Then there’s games like Skyrim, The Witcher III and Dark Souls, which play perfectly well on the handheld Nintendo Switch and could feasibly get a mobile phone release, if the hardware had enough power to support them.
This could leave my console still very much in use, but solely for those glitzy, top-tier launches (especially the ones that don’t come to Game Pass) that are still out of reach for my mobile devices. But I can see a time when I opt not to renew my Game Pass subscription, in favor of a mobile-based gaming platform (similar to Apple Arcade, perhaps) that offers a quality of game not so far seen on the Google Play store.
This is, of course, theoretical, and a lot has to happen for any of this to come to pass.
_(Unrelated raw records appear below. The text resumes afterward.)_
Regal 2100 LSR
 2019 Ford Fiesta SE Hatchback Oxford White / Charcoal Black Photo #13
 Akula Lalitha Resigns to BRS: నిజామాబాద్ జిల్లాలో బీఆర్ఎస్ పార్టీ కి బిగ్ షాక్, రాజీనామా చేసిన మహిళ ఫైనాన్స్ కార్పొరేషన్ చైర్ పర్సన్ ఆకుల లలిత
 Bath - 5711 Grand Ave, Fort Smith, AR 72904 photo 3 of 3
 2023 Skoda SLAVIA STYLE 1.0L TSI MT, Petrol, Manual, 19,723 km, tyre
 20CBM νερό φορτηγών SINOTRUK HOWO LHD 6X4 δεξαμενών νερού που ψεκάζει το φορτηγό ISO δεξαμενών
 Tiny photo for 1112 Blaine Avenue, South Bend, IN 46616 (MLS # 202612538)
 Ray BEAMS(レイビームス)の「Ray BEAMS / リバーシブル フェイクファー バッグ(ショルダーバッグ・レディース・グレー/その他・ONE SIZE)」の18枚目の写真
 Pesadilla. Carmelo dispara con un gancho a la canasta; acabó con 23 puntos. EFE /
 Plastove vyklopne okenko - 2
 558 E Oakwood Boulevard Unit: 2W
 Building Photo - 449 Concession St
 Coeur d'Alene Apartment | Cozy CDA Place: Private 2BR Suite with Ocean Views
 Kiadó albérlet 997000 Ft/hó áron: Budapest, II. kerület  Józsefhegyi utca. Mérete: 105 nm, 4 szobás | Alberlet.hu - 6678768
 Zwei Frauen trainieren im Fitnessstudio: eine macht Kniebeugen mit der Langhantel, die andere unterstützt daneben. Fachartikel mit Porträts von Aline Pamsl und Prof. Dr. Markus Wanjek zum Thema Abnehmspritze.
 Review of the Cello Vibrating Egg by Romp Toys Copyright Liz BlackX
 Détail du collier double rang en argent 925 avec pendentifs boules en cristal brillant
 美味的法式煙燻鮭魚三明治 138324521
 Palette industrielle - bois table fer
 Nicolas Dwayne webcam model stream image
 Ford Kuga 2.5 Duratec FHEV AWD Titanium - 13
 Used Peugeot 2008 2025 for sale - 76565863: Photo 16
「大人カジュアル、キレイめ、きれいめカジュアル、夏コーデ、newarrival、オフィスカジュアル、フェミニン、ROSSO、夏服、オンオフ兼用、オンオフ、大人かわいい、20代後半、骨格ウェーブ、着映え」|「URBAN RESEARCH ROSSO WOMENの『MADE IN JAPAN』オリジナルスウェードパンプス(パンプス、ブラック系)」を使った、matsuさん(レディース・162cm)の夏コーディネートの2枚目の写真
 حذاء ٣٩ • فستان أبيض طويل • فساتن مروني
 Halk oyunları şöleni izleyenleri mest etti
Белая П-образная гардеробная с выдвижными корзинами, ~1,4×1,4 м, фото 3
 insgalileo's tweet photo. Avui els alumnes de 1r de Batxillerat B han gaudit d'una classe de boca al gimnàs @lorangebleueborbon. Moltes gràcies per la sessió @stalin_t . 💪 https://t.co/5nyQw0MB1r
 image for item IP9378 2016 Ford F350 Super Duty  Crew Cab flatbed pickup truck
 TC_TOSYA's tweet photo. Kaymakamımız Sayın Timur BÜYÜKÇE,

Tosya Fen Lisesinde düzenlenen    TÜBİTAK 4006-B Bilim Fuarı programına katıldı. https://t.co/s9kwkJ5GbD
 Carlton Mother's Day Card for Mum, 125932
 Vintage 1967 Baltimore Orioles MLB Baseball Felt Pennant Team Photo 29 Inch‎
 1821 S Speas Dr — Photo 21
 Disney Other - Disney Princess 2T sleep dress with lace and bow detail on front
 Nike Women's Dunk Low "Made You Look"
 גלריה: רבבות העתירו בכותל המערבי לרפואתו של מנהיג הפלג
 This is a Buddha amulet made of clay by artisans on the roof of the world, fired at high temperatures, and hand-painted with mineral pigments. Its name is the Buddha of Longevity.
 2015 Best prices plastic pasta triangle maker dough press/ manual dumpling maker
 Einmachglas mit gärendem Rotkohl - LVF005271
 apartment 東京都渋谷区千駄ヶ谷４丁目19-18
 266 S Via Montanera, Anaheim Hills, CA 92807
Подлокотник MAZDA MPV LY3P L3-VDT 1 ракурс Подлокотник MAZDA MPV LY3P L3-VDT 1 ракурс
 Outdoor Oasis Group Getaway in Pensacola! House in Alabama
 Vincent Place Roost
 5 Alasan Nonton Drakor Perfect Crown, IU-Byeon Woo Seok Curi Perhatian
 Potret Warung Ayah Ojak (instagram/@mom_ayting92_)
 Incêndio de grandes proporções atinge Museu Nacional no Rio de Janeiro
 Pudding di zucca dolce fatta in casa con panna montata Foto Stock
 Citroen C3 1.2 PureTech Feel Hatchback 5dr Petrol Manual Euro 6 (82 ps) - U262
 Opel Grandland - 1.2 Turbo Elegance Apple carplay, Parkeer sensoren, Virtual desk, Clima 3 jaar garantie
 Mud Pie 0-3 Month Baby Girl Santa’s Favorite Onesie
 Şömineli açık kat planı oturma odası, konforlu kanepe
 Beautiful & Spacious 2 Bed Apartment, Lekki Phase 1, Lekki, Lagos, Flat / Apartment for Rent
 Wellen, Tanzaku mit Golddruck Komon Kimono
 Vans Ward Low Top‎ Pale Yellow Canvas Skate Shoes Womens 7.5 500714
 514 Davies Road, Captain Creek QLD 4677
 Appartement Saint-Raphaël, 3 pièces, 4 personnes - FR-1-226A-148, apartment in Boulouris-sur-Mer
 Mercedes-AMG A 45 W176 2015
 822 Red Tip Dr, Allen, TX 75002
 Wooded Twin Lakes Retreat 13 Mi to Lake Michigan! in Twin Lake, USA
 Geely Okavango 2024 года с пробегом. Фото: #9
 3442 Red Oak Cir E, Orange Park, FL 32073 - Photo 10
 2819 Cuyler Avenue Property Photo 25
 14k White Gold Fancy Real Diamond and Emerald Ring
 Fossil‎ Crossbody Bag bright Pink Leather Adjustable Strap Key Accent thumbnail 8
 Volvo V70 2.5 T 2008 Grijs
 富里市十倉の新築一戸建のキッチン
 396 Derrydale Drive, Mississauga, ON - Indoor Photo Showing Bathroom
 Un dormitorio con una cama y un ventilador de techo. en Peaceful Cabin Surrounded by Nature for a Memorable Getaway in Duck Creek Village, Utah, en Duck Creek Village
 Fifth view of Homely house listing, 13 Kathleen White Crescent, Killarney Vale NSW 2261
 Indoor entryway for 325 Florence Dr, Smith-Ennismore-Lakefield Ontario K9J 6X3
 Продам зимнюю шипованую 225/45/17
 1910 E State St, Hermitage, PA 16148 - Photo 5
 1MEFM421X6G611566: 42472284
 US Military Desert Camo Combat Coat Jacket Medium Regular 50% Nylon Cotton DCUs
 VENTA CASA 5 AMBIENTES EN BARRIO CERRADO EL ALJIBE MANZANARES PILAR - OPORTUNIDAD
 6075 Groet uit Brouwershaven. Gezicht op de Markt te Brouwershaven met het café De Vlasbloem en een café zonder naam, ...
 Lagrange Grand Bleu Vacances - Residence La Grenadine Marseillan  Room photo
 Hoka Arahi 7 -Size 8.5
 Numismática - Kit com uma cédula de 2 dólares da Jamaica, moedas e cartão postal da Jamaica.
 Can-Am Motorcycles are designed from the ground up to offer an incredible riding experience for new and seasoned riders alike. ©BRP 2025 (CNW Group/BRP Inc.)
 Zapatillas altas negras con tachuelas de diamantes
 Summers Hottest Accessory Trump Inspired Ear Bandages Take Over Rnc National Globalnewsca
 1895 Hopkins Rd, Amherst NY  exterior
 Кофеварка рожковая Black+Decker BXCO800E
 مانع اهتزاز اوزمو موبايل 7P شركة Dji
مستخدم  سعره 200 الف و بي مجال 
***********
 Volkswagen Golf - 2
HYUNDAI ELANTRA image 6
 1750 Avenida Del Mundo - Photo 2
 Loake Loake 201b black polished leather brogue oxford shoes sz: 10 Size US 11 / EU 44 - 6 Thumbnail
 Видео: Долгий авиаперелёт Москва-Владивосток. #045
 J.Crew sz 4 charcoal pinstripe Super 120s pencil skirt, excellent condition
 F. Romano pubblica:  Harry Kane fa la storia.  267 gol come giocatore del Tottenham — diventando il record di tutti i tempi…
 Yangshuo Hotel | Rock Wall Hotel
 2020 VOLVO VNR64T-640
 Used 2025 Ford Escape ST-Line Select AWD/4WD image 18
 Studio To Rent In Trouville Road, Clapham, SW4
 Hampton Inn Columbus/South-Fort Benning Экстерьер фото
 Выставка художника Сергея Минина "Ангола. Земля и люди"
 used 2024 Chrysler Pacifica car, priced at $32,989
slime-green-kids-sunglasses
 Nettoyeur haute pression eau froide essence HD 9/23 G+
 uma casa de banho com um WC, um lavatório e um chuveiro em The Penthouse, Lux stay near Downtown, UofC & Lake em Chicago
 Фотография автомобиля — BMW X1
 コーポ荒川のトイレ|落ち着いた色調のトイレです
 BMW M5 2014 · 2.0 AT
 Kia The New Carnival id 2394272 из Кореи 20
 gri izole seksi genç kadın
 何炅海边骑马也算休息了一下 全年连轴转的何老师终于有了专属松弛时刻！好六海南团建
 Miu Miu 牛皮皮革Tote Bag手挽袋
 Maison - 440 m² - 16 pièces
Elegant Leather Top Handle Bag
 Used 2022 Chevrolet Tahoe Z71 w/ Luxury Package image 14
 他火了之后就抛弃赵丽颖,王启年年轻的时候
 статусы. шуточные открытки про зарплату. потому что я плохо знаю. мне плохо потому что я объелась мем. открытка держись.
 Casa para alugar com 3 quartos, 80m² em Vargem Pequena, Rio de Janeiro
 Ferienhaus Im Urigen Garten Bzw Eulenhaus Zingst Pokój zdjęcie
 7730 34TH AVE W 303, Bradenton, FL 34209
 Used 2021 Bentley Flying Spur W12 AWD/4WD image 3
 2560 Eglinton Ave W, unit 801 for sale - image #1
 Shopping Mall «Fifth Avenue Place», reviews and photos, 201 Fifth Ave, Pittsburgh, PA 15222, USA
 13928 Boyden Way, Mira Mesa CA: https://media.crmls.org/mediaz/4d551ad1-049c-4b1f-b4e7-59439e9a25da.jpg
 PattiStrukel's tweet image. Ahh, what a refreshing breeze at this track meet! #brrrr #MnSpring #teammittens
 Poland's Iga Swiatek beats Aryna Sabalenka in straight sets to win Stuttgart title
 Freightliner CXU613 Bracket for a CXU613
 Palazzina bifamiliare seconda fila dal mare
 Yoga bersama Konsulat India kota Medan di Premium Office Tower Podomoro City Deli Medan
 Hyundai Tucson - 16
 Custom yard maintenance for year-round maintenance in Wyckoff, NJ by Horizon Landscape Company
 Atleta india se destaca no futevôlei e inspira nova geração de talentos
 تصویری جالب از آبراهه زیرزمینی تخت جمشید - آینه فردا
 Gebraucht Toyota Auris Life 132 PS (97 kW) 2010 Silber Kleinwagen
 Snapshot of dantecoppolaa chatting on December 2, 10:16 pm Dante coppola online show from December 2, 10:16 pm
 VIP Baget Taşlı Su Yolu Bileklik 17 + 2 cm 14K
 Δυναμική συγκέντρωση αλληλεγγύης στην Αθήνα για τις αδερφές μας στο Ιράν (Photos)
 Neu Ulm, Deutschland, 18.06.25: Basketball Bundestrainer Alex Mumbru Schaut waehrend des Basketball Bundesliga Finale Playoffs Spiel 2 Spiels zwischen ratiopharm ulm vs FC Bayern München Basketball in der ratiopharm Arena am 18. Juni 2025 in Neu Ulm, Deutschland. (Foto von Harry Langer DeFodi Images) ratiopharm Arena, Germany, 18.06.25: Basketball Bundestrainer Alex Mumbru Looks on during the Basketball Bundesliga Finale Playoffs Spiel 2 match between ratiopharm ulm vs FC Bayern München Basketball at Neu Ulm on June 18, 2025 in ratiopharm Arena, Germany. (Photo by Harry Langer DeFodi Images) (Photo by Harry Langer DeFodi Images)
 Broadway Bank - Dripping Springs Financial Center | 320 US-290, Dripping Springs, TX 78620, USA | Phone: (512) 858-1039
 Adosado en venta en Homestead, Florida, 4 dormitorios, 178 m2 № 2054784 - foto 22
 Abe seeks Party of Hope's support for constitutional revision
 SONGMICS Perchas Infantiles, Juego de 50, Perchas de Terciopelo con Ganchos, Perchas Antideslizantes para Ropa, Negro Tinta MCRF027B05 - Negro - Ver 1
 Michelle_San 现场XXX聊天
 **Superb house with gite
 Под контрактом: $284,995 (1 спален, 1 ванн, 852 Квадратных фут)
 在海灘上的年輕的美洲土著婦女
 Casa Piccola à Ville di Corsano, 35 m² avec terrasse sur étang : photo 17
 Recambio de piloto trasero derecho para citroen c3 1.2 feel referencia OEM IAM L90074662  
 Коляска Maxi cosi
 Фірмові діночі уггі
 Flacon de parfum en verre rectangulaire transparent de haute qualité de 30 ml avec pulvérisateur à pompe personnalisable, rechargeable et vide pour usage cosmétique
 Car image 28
Samsung needs to actually put the Exynos 2200 into the S22 for one thing, which it typically only does in some regions, including the UK, while the US gets phones running Qualcomm chips. Then we have to see an actual dramatic uptick in gaming prowess from the chip, and so far Samsung hasn’t given any kind of indication as to what performance improvements — if any — we’ll likely see, instead simply leaning on rhetoric like how “the Exynos 2200 will redefine mobile gaming experience.” If you say so, Samsung.
Even if we do get a hyper-powered gaming beast of a Galaxy S22, my mobile gaming dream still relies on gaming developers making use of that power and bringing compelling titles to the phone. Because I’ll be honest, a ray tracing-enabled Candy Crush isn’t really going to cut it.
So I’m not confident that the Galaxy S22 will revolutionize gaming for me, but the Exynos 2200 is just the first step in Samsung’s partnership with AMD, and it may well be that later generations — with all the refinements that come with them — will make a much more compelling case for both casual and enthusiastic gamers to take notice.
Samsung didn’t immediately respond to a request for comment.